P.S. Great tool. Laser focused and I don't have to have 10,000 instances of elastic search.
Just to test, I ran a job just now and saw traffic to an instance we hadn't used in 3 days and saw "rule in use", so it must be getting older data. You may want to use the Flow Log Viewer part of the product and see how far back your logs go for that particular log_stream. You can use the date picker to request logs for any arbitrary date and time, and we'll try to retrieve them from CWL.
The flow logs were over the weekend. But 'earliest' log shows up at today 13:00 or so, and ends at time I ran the query. There were some alb/elb's that were there, but I don't know enough about config to answer question.
Awesome results! I would love to document this in a blog post, do you mind?

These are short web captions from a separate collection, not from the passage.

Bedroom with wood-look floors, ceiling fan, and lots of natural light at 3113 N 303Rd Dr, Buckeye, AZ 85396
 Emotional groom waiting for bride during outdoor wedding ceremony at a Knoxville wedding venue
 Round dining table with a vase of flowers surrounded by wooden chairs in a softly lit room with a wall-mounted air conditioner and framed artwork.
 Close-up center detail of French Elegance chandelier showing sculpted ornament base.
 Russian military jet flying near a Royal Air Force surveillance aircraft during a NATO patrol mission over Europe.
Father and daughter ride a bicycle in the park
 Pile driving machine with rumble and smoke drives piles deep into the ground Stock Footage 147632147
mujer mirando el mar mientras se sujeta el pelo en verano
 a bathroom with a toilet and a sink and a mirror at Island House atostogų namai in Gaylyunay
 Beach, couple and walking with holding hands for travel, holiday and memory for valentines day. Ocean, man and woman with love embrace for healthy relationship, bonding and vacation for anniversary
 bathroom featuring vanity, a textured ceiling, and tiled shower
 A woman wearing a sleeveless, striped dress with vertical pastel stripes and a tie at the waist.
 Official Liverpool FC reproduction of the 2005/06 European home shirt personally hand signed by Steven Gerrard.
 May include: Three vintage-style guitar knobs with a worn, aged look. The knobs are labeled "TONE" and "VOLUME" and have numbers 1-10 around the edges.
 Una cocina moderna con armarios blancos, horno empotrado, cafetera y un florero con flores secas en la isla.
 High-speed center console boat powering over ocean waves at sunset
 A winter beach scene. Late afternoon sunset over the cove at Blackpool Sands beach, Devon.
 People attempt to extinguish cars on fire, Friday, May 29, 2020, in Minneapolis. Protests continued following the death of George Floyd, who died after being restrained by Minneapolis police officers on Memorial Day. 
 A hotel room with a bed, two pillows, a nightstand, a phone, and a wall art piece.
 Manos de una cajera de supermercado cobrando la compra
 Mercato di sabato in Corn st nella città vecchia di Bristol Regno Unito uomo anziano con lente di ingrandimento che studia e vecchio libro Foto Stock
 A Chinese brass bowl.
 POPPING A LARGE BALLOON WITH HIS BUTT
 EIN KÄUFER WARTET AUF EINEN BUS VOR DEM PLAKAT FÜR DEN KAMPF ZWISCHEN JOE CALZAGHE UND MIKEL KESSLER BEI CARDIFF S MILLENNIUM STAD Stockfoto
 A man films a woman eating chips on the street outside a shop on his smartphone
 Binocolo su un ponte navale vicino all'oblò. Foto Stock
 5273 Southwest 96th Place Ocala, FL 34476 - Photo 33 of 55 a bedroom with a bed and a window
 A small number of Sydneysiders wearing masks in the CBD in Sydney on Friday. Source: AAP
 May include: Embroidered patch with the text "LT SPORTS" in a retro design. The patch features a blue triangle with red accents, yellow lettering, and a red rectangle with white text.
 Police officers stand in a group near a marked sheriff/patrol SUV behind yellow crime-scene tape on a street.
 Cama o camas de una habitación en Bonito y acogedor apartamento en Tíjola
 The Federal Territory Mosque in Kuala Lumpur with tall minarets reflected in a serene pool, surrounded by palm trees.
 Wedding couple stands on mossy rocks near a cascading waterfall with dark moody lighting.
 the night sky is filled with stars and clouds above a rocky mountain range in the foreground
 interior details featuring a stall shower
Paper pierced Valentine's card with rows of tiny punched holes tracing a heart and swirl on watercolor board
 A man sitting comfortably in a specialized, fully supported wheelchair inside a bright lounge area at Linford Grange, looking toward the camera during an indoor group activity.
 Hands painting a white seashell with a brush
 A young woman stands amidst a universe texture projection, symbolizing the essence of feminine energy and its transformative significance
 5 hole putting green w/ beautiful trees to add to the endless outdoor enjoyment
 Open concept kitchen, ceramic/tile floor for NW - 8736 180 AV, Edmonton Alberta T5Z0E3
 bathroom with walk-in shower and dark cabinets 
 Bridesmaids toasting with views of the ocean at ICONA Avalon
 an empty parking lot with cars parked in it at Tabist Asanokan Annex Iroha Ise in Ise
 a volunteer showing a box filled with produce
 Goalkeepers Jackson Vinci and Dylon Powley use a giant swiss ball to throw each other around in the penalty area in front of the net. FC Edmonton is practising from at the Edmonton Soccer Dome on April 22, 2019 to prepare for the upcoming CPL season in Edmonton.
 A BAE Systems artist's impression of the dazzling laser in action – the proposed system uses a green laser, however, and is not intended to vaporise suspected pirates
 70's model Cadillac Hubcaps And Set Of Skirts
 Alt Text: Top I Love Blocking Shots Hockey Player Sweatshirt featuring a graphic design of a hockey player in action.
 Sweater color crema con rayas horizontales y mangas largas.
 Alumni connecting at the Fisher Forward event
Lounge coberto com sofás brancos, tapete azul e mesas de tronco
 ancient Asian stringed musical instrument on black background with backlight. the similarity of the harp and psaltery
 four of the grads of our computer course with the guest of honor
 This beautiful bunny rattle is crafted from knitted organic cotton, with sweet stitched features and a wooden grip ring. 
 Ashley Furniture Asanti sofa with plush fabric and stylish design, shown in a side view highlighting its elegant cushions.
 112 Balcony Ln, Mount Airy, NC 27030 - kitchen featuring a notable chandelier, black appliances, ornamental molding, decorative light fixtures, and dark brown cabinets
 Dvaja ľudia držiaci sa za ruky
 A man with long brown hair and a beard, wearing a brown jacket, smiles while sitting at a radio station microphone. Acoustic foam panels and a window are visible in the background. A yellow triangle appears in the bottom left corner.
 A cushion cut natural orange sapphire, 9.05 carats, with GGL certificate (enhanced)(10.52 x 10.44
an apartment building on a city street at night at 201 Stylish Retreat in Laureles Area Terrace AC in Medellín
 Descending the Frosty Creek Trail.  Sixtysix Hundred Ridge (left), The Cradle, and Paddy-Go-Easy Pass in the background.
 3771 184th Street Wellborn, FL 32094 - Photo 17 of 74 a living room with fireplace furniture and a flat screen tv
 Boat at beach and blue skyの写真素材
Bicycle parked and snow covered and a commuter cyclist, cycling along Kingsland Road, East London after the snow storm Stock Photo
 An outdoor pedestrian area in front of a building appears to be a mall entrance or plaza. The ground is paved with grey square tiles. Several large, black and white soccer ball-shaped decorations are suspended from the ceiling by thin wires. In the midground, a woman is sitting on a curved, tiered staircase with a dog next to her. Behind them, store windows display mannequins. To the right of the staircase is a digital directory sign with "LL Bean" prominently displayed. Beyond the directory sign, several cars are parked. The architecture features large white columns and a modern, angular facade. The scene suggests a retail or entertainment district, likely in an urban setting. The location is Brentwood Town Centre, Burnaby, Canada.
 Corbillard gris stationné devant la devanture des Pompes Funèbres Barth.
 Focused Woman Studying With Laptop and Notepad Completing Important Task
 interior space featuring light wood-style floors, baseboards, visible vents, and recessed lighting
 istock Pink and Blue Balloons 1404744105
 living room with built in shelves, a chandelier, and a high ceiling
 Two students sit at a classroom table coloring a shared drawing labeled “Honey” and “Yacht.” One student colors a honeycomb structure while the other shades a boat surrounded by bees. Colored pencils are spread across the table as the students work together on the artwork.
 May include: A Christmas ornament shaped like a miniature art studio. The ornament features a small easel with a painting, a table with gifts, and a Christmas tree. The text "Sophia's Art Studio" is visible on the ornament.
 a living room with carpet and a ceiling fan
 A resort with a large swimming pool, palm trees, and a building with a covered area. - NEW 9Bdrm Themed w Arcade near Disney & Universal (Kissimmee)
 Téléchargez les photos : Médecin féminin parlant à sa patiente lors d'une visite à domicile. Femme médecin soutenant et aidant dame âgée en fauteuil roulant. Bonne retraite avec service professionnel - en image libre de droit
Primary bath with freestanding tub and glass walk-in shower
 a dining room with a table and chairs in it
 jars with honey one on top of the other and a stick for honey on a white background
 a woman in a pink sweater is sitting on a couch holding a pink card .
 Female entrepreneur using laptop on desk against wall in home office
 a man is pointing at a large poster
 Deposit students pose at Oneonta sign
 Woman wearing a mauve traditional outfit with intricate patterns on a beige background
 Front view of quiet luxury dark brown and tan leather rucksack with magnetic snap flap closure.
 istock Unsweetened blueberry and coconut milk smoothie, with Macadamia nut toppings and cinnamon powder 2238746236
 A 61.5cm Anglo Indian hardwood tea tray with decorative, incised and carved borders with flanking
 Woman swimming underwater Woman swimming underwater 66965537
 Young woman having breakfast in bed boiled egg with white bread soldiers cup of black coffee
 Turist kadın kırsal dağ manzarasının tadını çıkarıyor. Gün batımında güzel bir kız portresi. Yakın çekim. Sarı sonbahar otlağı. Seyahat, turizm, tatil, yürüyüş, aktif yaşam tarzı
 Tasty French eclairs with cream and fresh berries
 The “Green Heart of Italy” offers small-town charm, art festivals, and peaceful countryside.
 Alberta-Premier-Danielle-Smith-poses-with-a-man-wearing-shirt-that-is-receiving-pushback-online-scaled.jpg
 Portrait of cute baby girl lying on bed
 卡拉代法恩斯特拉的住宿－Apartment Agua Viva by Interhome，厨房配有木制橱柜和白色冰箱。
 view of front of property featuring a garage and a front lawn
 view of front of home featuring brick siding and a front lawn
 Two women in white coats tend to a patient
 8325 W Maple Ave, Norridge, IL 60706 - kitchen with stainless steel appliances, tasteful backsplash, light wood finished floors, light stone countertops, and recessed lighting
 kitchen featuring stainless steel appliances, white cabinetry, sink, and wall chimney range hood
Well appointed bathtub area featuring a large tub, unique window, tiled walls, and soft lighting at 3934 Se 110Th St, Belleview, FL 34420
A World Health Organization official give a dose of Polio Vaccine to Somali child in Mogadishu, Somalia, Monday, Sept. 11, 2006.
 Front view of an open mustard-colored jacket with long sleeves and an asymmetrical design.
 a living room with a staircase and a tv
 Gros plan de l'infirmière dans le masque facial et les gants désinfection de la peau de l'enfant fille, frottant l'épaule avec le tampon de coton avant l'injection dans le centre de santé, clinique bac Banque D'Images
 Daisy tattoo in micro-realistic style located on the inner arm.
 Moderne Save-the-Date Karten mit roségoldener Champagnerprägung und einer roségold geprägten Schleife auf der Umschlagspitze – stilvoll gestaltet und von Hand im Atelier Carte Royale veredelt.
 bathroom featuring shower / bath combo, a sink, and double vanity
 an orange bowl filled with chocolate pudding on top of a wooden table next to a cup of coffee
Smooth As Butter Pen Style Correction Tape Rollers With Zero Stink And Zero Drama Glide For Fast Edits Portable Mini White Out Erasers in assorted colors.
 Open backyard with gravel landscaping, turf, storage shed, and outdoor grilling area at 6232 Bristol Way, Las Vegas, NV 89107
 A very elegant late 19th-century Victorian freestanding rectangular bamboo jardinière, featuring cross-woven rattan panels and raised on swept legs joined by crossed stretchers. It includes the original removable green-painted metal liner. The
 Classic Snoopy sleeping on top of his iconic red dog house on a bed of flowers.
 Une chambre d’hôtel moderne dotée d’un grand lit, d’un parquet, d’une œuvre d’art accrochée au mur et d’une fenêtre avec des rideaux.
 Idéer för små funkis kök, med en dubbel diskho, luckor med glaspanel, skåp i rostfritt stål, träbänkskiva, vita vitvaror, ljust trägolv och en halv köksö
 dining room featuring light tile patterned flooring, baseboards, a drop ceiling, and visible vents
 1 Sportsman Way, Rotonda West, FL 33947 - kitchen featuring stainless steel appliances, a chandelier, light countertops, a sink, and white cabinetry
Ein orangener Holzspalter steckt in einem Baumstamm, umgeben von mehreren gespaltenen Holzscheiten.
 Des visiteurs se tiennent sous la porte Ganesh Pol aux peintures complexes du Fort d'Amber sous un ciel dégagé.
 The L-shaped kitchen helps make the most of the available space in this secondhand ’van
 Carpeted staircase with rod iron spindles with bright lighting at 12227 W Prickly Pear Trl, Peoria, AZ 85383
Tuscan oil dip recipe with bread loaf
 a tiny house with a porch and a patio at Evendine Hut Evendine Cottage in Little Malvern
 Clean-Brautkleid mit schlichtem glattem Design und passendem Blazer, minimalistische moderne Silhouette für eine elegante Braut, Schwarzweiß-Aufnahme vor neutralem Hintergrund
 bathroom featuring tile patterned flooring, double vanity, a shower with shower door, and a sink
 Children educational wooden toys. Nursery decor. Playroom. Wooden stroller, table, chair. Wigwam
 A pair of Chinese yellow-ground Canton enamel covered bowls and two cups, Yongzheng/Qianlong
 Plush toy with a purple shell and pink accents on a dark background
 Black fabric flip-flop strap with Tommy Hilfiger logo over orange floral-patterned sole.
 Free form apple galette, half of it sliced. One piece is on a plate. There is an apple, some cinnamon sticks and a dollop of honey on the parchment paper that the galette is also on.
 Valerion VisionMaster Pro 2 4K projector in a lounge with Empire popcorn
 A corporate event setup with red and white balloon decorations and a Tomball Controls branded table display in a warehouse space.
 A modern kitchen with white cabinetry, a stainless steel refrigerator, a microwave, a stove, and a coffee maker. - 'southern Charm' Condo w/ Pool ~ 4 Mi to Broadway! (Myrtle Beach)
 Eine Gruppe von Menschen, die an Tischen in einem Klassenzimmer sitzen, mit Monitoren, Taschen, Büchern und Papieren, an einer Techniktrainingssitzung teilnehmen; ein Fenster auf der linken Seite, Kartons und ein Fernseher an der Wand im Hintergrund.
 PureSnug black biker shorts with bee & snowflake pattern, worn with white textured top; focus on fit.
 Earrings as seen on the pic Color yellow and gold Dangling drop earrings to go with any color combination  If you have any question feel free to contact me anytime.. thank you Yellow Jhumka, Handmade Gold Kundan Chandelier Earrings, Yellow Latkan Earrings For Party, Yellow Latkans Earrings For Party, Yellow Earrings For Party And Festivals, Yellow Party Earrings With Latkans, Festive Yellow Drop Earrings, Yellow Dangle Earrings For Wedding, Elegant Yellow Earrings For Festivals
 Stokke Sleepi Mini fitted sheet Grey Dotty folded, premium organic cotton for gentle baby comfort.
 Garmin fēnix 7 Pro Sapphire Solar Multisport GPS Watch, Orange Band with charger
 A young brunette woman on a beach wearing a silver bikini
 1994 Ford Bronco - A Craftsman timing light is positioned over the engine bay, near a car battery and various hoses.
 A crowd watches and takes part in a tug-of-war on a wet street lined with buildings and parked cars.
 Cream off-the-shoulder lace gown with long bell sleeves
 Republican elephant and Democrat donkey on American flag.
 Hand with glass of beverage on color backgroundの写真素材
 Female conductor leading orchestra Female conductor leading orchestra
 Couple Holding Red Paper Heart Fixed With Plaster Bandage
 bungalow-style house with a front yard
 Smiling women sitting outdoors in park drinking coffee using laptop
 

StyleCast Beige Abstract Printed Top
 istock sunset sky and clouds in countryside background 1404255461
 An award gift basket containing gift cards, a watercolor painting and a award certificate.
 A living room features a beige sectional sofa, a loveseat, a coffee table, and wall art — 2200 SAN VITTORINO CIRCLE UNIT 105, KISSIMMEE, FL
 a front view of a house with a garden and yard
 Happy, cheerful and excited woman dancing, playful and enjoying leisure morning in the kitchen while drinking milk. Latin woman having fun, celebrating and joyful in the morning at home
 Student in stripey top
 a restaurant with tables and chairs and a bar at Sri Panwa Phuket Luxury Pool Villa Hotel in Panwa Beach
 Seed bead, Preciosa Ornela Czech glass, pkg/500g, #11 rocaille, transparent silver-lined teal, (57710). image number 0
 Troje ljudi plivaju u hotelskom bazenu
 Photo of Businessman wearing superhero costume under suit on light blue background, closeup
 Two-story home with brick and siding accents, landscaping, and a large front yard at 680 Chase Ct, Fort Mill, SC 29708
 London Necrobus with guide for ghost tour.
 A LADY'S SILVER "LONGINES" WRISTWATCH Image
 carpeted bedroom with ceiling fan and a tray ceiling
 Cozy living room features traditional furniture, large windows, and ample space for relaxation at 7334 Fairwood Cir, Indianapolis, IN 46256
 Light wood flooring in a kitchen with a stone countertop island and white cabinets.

I think that 4 hour limitation is from somewhere else. PiaSoft and CloudWatch Logs certainly don't limit you to the last 4 hours. When were your flow logs created? 'aws ec2 create-flow logs' is what I mean. Are your instances ELB or ALB instances that haven't been started for too long?
Looks like aws only supports about 4 hours worth of logs regardless of how many you put in.
Just an FYI on 25Million entries: 2 hours processing time 2GB memory.
Fake VPC # of records, Start Time, End time, 2gb memory usage.
MyVPC 25000000 2018-07-30 15:50:04 -0400 2018-07-30 17:02:58 -0400
FYI When I upgraded to a large 5M was almost instantaneous. Workers seem mostly memory bound. Very little CPU. Trying 25M to see what happens. So far 2Gb after 30 mins.